2025 AACL AACL 2025

Mātṛkā: Multilingual Jailbreak Evaluation of Open-Source Large Language Models

Abstract

AbstractArtificial Intelligence (AI) and Large Language Models (LLMs) are increasingly integrated into high-stakes applications, yet their susceptibility to adversarial prompts poses significant security risks. In this work, we introduce Mātṛkā, a framework for systematically evaluating jailbreak vulnerabilities in open-source multilingual LLMs. Using the open-source dataset across nine sensitive categories, we constructed adversarial prompt sets that combine translation, mixed-language encoding, homoglyph signatures, numeric enforcement, and structural variations.
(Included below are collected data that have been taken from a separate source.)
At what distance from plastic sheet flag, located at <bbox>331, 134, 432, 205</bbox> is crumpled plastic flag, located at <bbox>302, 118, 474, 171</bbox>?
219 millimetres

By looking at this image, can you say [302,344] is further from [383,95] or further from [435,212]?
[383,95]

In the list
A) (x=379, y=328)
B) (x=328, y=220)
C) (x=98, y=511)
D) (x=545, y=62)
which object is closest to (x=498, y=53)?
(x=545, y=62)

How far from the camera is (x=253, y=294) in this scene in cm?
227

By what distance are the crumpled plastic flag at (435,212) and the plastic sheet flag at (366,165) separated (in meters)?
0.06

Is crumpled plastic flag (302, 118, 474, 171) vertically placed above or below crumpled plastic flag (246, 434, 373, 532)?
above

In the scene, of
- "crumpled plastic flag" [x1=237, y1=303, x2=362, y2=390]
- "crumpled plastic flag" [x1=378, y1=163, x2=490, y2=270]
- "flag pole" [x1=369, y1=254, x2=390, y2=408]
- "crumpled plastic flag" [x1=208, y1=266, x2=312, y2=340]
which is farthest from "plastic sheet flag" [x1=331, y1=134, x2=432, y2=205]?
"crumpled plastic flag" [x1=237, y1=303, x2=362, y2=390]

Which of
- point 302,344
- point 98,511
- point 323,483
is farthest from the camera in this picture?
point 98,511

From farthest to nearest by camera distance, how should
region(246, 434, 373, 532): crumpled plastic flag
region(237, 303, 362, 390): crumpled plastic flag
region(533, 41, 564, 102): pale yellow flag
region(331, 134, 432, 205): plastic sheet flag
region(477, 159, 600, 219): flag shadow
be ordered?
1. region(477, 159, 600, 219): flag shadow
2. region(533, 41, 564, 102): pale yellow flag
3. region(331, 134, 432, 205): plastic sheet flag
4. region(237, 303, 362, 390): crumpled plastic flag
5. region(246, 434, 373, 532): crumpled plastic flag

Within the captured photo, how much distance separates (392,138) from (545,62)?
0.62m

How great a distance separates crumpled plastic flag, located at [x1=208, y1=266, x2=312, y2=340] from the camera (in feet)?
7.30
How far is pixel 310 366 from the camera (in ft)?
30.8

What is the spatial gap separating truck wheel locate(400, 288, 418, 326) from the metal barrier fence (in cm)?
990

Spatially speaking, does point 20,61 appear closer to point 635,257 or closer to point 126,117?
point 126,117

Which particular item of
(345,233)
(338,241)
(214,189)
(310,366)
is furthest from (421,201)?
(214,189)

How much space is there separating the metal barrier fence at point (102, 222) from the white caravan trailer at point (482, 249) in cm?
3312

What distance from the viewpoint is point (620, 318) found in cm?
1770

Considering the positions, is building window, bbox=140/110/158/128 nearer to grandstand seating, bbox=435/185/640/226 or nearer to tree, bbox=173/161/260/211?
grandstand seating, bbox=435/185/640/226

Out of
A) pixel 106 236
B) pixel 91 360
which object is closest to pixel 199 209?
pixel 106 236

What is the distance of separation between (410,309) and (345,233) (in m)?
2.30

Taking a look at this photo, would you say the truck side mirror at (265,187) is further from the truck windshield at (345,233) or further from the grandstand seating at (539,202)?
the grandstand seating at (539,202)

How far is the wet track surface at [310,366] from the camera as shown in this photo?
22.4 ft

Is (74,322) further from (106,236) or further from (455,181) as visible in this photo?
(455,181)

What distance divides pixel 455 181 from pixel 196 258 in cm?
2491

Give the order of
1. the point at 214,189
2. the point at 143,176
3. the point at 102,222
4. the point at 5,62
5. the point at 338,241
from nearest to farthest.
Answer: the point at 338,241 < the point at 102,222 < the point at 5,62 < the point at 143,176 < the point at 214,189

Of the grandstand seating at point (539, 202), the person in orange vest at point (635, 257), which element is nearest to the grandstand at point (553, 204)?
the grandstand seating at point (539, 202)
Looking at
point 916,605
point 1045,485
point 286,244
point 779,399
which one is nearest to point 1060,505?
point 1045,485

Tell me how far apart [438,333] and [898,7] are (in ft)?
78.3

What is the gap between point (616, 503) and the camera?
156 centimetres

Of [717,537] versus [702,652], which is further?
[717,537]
Experiments were conducted on state-of-the-art open-source models from Llama, Qwen, GPT-OSS, Mistral, and Gemma families. Our findings highlight transferability of jailbreaks across multiple languages with varying success rates depending on attack design. We provide empirical insights, a novel taxonomy of multilingual jailbreak strategies, and recommendations for enhancing robustness in safety-critical environments.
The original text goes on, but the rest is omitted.